··· INFORMATION SUPPLIED ···
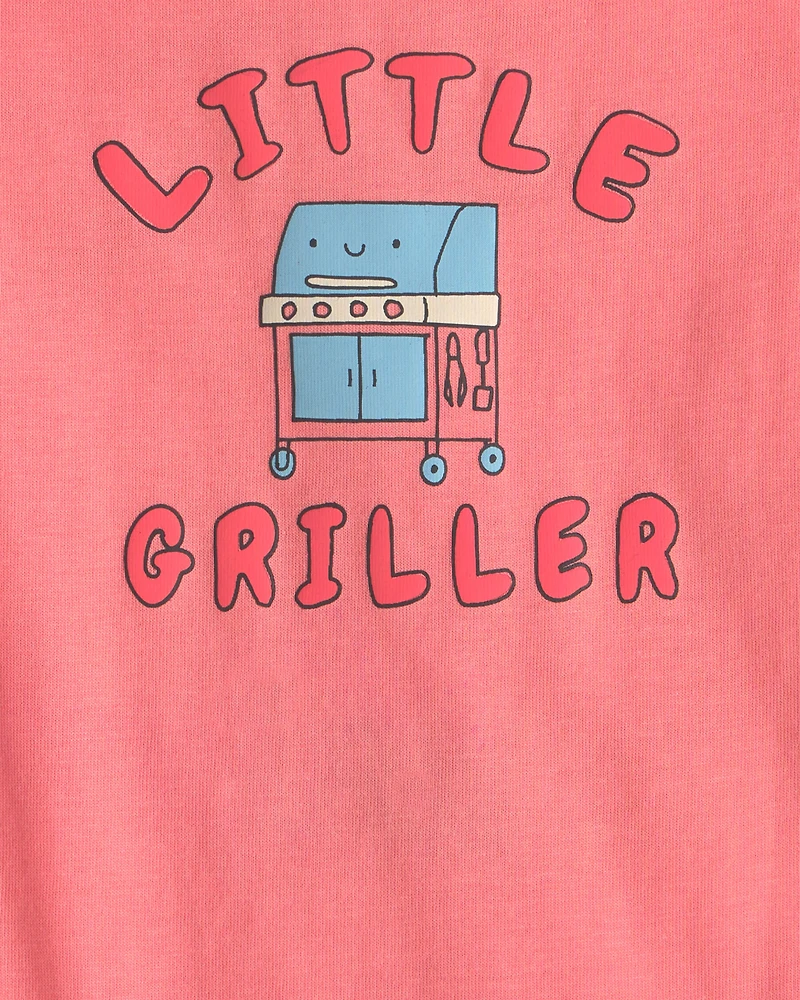 Baby Boy 'Little Griller' Sleeveless Graphic Bodysuit - Orange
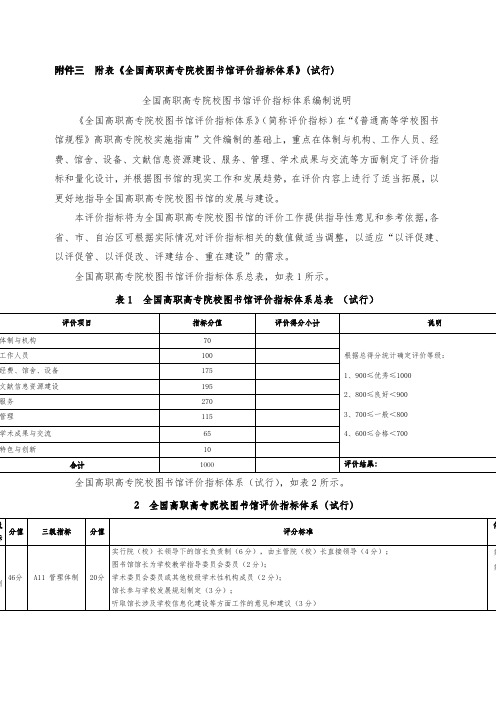 附表全国高职高专院校图书馆评价指标体系定稿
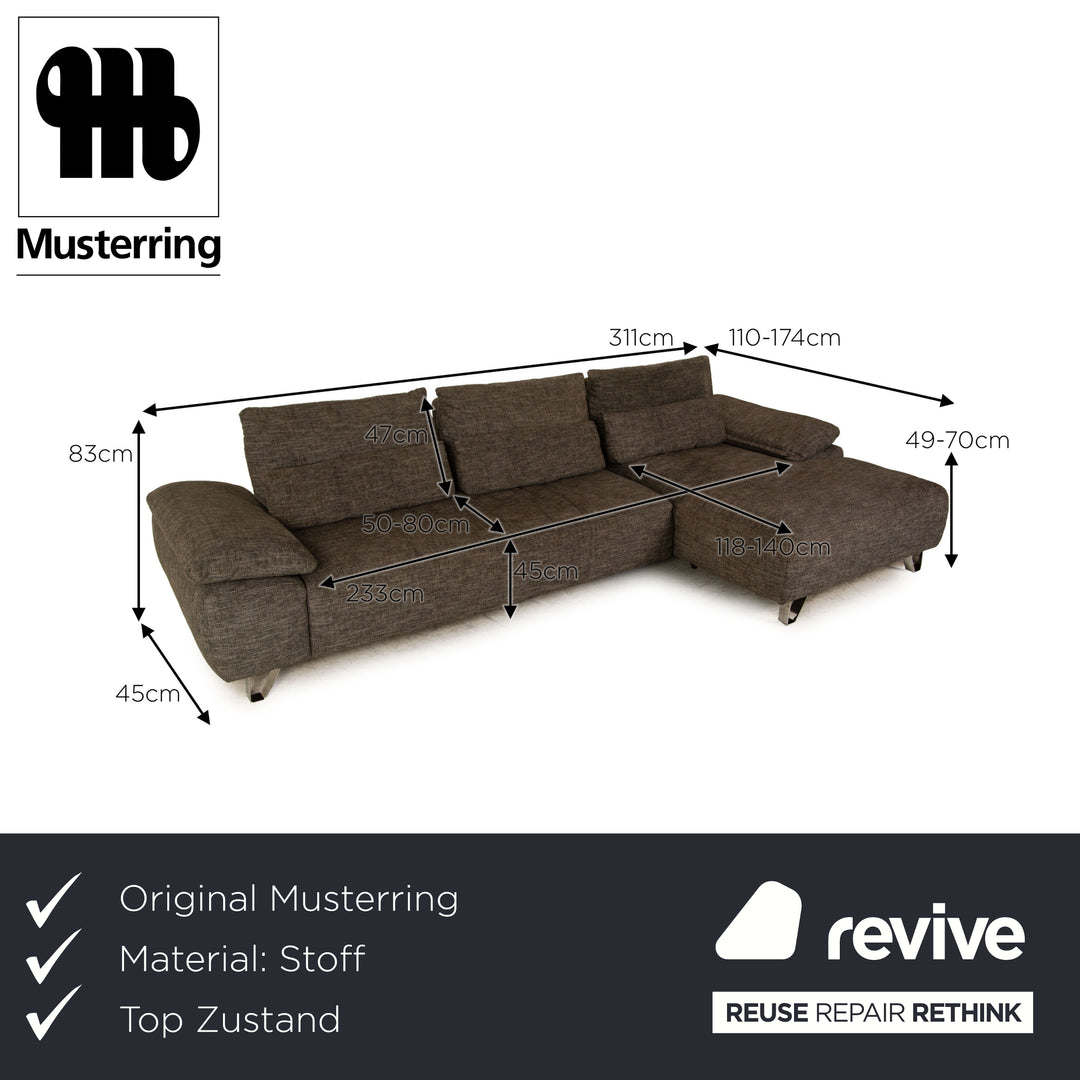 Musterring MR 680 Stoff Ecksofa Grau Sofa Couch Funktion Recamiere rechts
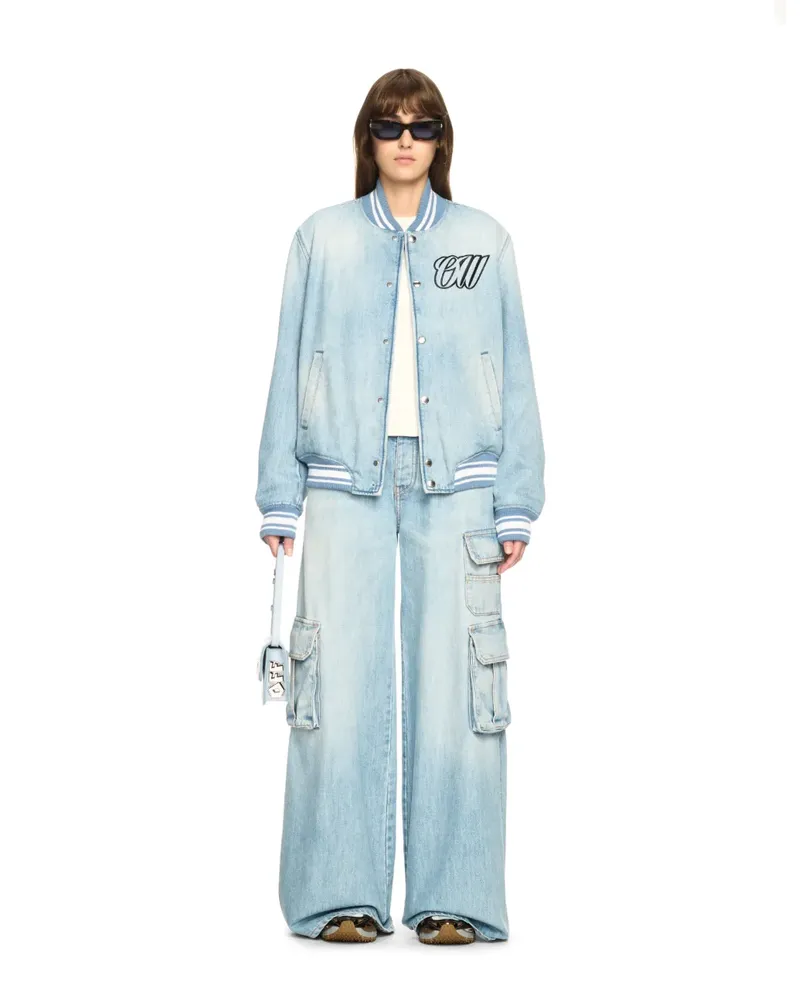 OFF-WHITE Helle blaue Denim Cargo-Hose mit weitem Bein Blau
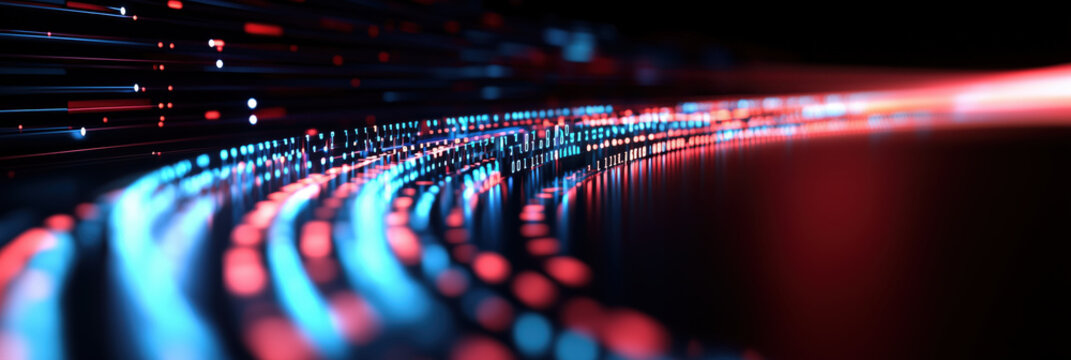 highly detailed 3D render showcasing multicolored data streams, creating vibrant and dynamic visual experience. interplay of colors evokes sense of motion and energy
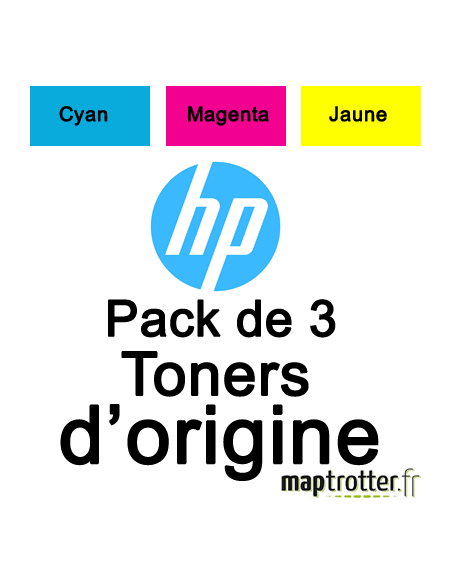  HP - 305A - Pack de 3 toners: cyan, magenta, jaune - 2600 pages - CF370AM 
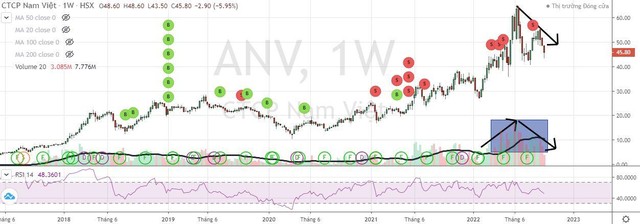 Cổ phiếu ANV có dấu hiệu tạo mô hình hai đỉnh với đỉnh sau thấp hơn đỉnh trước.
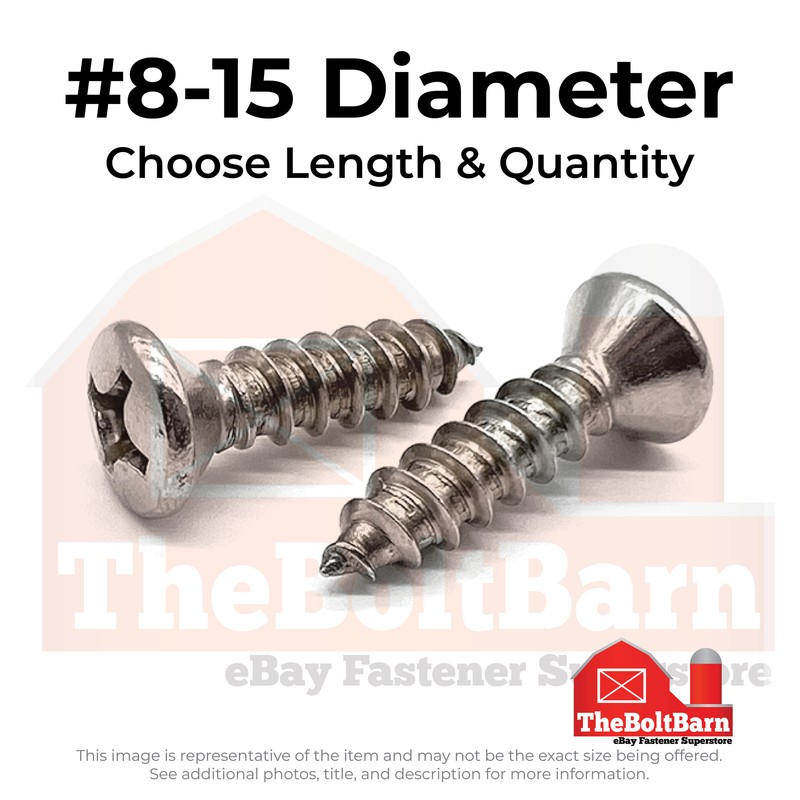 #8 316 Stainless Steel Phil Oval Type A Self Tapping Screws (Pick Length&Qty)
···
▶ [EXERCISE BRIEF] Without the pictures, repeat the line with "HP - 305A - Pack" and every line after it to the end of the listing, and nothing else.

▶ [ANSWER TO THE EXERCISE]
  HP - 305A - Pack de 3 toners: cyan, magenta, jaune - 2600 pages - CF370AM 
 Cổ phiếu ANV có dấu hiệu tạo mô hình hai đỉnh với đỉnh sau thấp hơn đỉnh trước.
 #8 316 Stainless Steel Phil Oval Type A Self Tapping Screws (Pick Length&Qty)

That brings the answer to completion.